Question

A particle of mass \(m\) is moving in a circular path of constant radius \(r\) such that its centripetal acceleration \(a_{c}\) is varying with time \(t\) as \(a_{c} = k^{2}rt^{2}\), where \(k\) is a constant. The power delivered to the particle by the forces acting on it is:

• A. \(2\pi mk^{2}r^{2}t\)
• B. \(mk^{2}r^{2}t\)
• C. \(\frac{1}{3} mk^{4}r^{2}t^{5}\)
• D. 0
• E.

Hint:

Remember that centripetal force does zero work because it is always perpendicular to the displacement. Only the tangential component of force contributes to a change in speed and thus to the power delivered.

Answer 1

The Correct Option is B

Step 1: Understanding the Concept
In circular motion, power is delivered only by the tangential force, as the centripetal force is always perpendicular to the velocity. Power is the rate of change of kinetic energy or the product of tangential force and velocity.

Step 2: Key Formula or Approach
1. Centripetal acceleration \(a_c = \frac{v^2}{r}\).
2. Tangential acceleration \(a_t = \frac{dv}{dt}\).
3. Power \(P = F_t \cdot v = (m a_t) \cdot v\).
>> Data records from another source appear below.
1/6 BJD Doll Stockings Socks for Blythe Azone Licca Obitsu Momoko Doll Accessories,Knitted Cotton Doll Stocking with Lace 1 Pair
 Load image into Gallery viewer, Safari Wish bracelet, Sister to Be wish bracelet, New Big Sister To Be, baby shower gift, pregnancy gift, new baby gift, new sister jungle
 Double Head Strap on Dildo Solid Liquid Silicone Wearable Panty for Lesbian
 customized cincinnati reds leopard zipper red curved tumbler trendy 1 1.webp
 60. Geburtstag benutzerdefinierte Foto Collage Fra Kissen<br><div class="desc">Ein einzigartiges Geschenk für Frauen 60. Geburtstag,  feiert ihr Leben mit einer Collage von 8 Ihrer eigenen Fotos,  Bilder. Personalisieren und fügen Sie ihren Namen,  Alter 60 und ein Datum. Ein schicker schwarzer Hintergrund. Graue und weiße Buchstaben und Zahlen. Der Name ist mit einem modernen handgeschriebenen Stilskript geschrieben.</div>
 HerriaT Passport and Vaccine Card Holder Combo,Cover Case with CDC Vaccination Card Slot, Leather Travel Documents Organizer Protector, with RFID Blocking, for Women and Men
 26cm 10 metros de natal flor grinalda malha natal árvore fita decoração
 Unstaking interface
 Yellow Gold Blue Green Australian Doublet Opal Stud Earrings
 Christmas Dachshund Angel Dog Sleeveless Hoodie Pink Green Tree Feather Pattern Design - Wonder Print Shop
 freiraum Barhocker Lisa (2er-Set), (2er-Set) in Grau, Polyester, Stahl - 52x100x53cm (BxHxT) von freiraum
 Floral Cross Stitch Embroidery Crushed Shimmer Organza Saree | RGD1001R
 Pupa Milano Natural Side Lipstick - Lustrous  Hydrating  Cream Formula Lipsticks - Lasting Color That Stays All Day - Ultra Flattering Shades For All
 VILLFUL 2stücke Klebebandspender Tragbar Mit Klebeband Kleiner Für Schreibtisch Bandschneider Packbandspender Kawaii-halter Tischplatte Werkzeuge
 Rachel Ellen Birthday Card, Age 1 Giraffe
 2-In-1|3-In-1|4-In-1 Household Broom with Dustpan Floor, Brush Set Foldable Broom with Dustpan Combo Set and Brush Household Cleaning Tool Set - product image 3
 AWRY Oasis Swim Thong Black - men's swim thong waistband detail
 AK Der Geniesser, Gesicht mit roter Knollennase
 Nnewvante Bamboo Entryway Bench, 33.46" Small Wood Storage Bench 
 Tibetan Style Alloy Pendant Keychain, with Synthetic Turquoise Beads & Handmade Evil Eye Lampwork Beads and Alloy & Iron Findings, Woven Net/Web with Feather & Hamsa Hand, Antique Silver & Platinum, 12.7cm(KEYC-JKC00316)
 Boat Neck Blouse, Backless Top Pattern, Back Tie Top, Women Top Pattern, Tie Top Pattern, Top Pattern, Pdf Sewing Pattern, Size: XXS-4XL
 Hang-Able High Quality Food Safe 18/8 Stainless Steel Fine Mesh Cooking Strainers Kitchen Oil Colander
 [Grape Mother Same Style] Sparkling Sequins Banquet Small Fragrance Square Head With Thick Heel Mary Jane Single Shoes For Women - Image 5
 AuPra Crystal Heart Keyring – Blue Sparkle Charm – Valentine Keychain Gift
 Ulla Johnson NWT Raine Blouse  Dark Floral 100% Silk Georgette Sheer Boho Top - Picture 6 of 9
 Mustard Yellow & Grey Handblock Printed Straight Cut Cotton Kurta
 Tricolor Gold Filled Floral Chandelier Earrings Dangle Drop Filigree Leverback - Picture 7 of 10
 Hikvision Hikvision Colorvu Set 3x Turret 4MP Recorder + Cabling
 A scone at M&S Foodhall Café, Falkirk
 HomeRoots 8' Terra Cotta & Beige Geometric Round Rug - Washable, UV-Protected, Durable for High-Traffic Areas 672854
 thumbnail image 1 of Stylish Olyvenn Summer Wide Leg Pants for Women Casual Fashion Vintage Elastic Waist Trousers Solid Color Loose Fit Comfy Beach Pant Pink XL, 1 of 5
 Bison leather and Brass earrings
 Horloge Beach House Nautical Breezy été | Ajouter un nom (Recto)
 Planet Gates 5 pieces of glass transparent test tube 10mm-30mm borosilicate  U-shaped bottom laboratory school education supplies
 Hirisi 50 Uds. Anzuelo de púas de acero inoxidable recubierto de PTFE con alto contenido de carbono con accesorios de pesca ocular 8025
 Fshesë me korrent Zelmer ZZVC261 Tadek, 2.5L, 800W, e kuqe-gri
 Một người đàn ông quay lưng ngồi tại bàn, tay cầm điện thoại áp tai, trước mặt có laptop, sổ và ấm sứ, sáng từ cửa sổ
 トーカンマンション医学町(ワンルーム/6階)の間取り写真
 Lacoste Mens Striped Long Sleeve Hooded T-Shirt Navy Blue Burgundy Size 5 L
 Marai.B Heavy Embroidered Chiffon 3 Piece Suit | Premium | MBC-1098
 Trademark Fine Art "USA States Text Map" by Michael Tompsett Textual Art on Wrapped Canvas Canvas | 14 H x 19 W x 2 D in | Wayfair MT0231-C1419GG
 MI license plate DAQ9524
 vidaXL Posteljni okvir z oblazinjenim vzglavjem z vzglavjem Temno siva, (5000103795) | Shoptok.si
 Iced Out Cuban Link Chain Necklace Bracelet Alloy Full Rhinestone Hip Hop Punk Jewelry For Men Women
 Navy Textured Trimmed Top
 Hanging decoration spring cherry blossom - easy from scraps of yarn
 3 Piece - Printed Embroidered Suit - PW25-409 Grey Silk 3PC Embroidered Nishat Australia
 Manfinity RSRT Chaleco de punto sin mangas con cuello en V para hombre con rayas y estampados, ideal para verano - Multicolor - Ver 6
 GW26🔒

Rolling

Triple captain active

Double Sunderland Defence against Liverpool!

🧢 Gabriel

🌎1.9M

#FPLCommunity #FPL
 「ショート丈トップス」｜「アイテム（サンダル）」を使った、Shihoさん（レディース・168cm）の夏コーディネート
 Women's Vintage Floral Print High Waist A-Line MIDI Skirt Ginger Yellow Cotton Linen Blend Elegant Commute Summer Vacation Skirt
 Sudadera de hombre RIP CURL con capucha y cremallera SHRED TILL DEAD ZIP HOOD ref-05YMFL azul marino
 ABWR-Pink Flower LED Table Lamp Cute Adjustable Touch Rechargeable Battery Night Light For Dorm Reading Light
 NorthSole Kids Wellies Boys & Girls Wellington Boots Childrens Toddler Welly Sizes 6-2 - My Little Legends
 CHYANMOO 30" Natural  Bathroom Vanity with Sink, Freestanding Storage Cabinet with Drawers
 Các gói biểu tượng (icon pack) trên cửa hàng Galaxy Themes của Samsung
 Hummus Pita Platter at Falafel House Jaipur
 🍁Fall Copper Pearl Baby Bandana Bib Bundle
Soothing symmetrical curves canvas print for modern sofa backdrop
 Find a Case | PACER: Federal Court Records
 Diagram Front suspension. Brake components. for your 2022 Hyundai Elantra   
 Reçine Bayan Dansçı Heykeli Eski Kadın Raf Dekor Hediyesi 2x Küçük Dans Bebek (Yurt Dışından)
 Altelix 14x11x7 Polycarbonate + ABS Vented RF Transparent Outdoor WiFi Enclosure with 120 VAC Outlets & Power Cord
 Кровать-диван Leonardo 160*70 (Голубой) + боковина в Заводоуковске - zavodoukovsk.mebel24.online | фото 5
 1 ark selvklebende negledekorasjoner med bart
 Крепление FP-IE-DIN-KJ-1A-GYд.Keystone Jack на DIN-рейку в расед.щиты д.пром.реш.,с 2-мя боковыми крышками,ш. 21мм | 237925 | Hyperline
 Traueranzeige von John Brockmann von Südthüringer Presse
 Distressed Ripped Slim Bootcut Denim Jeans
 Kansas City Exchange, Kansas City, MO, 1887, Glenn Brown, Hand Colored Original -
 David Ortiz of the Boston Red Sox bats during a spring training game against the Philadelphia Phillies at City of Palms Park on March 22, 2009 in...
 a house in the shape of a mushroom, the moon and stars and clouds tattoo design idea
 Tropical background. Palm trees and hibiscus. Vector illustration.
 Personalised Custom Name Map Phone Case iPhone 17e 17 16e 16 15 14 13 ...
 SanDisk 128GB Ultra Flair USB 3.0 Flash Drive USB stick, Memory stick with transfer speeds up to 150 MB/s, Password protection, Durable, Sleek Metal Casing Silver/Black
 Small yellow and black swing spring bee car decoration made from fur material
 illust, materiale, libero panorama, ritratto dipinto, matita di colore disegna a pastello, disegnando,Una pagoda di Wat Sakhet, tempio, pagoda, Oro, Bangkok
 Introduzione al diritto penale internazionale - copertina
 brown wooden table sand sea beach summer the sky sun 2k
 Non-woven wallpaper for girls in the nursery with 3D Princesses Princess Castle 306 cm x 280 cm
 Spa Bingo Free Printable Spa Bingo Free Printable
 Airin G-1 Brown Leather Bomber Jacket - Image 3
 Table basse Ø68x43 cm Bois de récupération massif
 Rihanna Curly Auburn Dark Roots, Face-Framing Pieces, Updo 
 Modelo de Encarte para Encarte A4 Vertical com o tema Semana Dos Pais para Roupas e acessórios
Step 3: Detailed Explanation
1. Find velocity (\(v\)): Given \(a_c = k^2 r t^2\). Since \(a_c = \frac{v^2}{r}\): \[ \frac{v^2}{r} = k^2 r t^2 \implies v^2 = k^2 r^2 t^2 \implies v = krt \]
2. Find tangential acceleration (\(a_t\)): Differentiate velocity with respect to time: \[ a_t = \frac{dv}{dt} = \frac{d}{dt}(krt) = kr \]
3. Calculate Power (\(P\)): \[ P = F_t \times v = (m \times a_t) \times v \] \[ P = (m \times kr) \times (krt) = mk^2r^2t \]

Step 4: Final Answer
The power delivered to the particle is \(mk^{2}r^{2}t\).